- Born: 19 November 1997 (age 28) Gokwe
- Citizenship: Zimbabwean
- Education: University of Zimbabwe
- Occupation: University student
- Known for: Youngest university student in Southern Africa/Africa at age 14

= Maud Chifamba =

University student in Zimbabwe

As of 2012 Maud Chifamba is known as the youngest university student in Africa. She was born in 1997 in Zimbabwe and was accepted to the University of Zimbabwe to study for an accounting degree at the age of 14. She began attending in 2012. Her degree was financed through a US$9,933 scholarship from the Zimbabwe Revenue Authority Chairman’s Charity Fund.

==Background==
Her most known sibling is named Mukundi, two years younger. Maud fell under the care of a step-brother, in 2003, who at the time was residing at a plot he had been allocated during the land reform programme in Hunters Road, in between Kwekwe and Gweru, Midlands Province, Zimbabwe. That year, she started her first grade at a school named Hurudza primary school. In 2005, when she was in grade 3, during the mid-year exams, she was mistakenly given a grade 4 exam paper, on which she scored 100%. the following term during the same year, she requested a grade 5 test paper, on which she achieved the highest score. She proceeded to grade seven and she had 4 units. As Chifamba did not have money for high school she studied on her own (home schooled) and completed her Ordinary Level in just two years, in 2009. She was later identified by the Ministry of Education and awarded financial assistance for her advanced level, upper six in 2011, and she scored 12 points. After making headlines internationally, Chifamba was awarded a $9,993 scholarship by the Zimbabwe Revenue Authority. In 2013 Chifamba scored distinctions at the University of Zimbabwe, where she was studying for her Bachelor of Accountancy Honours degree. She wrote her grade seven examination at the age of 10 and her A-level at the age of 13.

==Recognition==
In 2007 Chifamba was named the best student under the most difficult conditions in the Midlands Province of Zimbabwe.
In December 2012, Chifamba was 5th on Forbes list of Top 100 Youngest Powerful Women in Africa. She was mentioned in the Book of African Records as the youngest university student in the continent.

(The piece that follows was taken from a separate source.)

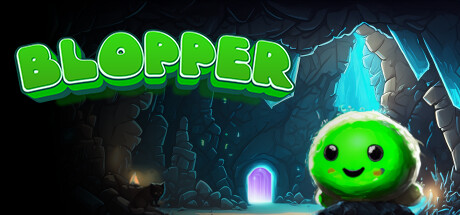 Cover art from Blopper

In October 2013, Chifamba was a delegate at the launching of a Terre des hommes campaign for girls education in Rome, Italy. She has received various accolades during the years, and has curved a motivational speaking career out of her inspirational life story. She graduated with an Honours in Accounting from the University of Zimbabwe on 29 September 2016. Currently she is pursuing a Zimbabwe Certificate in Theory of Accounting (ZCTA) and graduated with a Masters in Accountancy from the University of Zimbabwe on 10 October 2018.